Les désirs ne sont-ils pas également un moyen d’oublier ou de surpasser sa finitude ? En effet, Pascal dans ses Pensées, assimile le divertissement à un désir non pas d’arriver à ses fins mais de désirer pour échapper à la pensée de sa mort car elle est épouvantable. L’homme pense donc ses désirs comme quelque chose d’essentiel seulement ce qui l’est réellement, c’est désirer pour échapper à sa condition. Ainsi, Dom Juan en cumulant les conquêtes est l’exemple de cette faiblesse dont l’homme est sujet. Ce qui l’intéresse par-dessus tout ce n’est pas de conquérir mais de séduire. La femme conquise n’a plus d’intérêt car il n’y a plus de désir. Le désir apparaît donc comme une alternative pour échapper à notre misère, notre finitude. Platon illustre également cela dans le banquet dans lequel il met en scène Socrate. Ici, l’auteur s’intéresse plus particulièrement au désir de l’amour. Pour lui, l’objet de l’amour serait « la possession perpétuelle du bien » ou du beau. Mais l’objet de l’amour ce n’est pas le beau en soi mais « la procréation et l’enfantement dans le beau ». Ceux-ci s’effectue tout d’abord dans le monde sensible, au niveau du corps, entre un homme est une femme. Le résultat de leur union est un enfant de chair. Puis la procréation s’effectue dans le monde intelligible entre deux hommes au niveau de l’âme. Cette union permet à l’homme de devenir immortel grâce à, par exemple, des textes de lois, des poèmes ou des œuvres littéraires, car l’homme va ici avoir accès au Beau et au Bien. L’homme qui y aura le plus accès sera donc le philosophe. Ainsi, le désir dans l’amour que ressentent les hommes à travers « la procréation et l’enfantement dans le beau » traduit le besoin de défier la nature. En effet, l’homme a ici conscience de sa condition de mortel et à travers l’union entre deux êtres, il veut se perpétrer dans le temps pour atteindre l’immortalité. Ceux-ci traduit donc une souffrance, celle de sa misérable condition. Ainsi bien que l’homme ait conscience que la nature et lui représente deux forces antagonistes, les désirs représentent un moyen de lutter contre leurs conditions misérables.

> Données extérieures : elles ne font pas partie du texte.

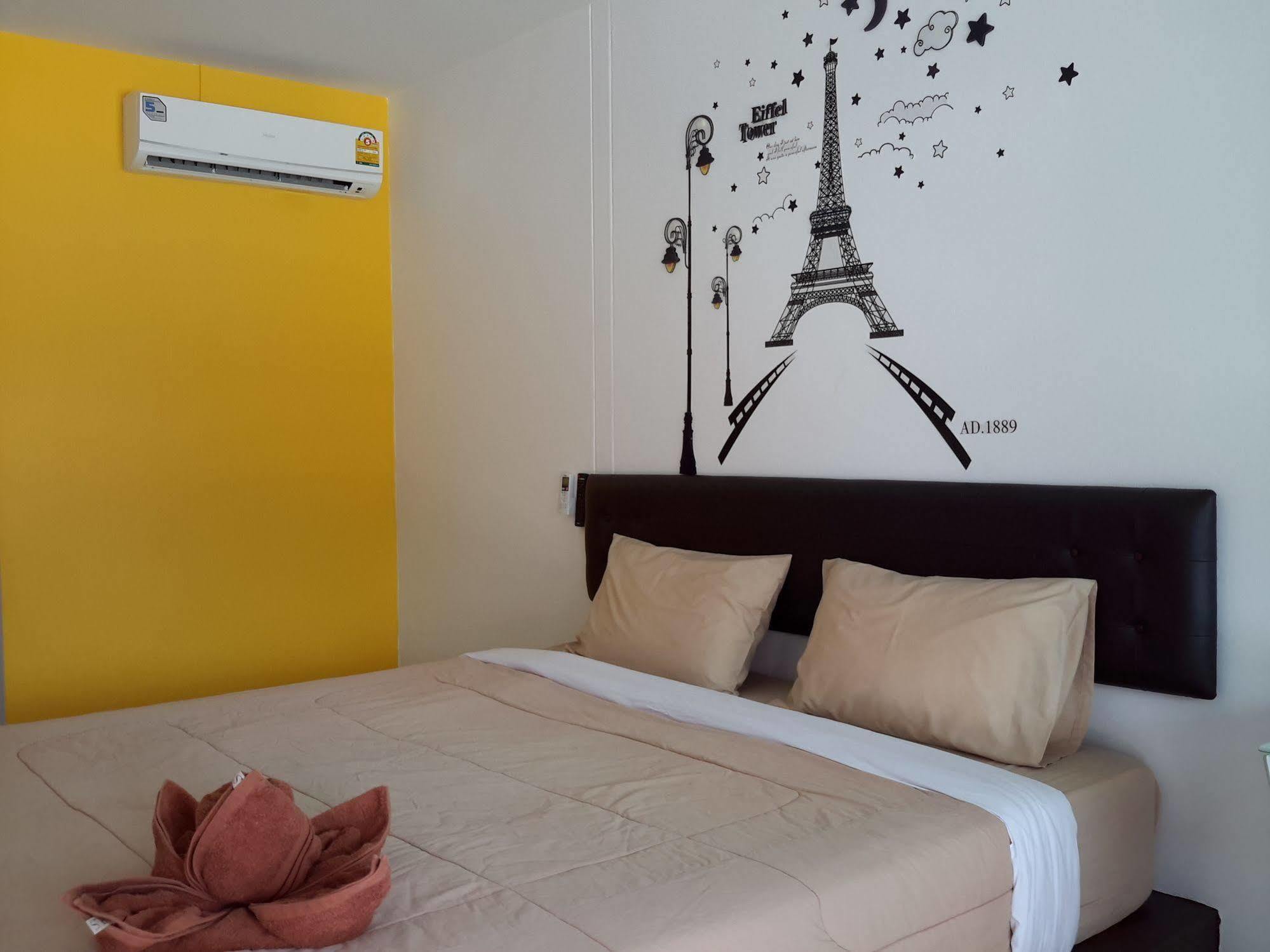 D-Sine Resort Buri Ram Eksteriør billede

Nous pouvons ainsi en conclure que le désir est un moyen pour l’homme de se fixer des objectifs qui lui permettent de justifier sont existence. Bien que pour certains philosophes les désirs représentent une souffrance et pour d’autre un plaisir, tous semblent d’accord sur le point que désirer est préférable à l’ennui. Car ne pas désirer nous ferait penser à notre misérable condition. Il semble donc que les désirs constituent un moyen pour l’homme de pouvoir échapper à sa nature.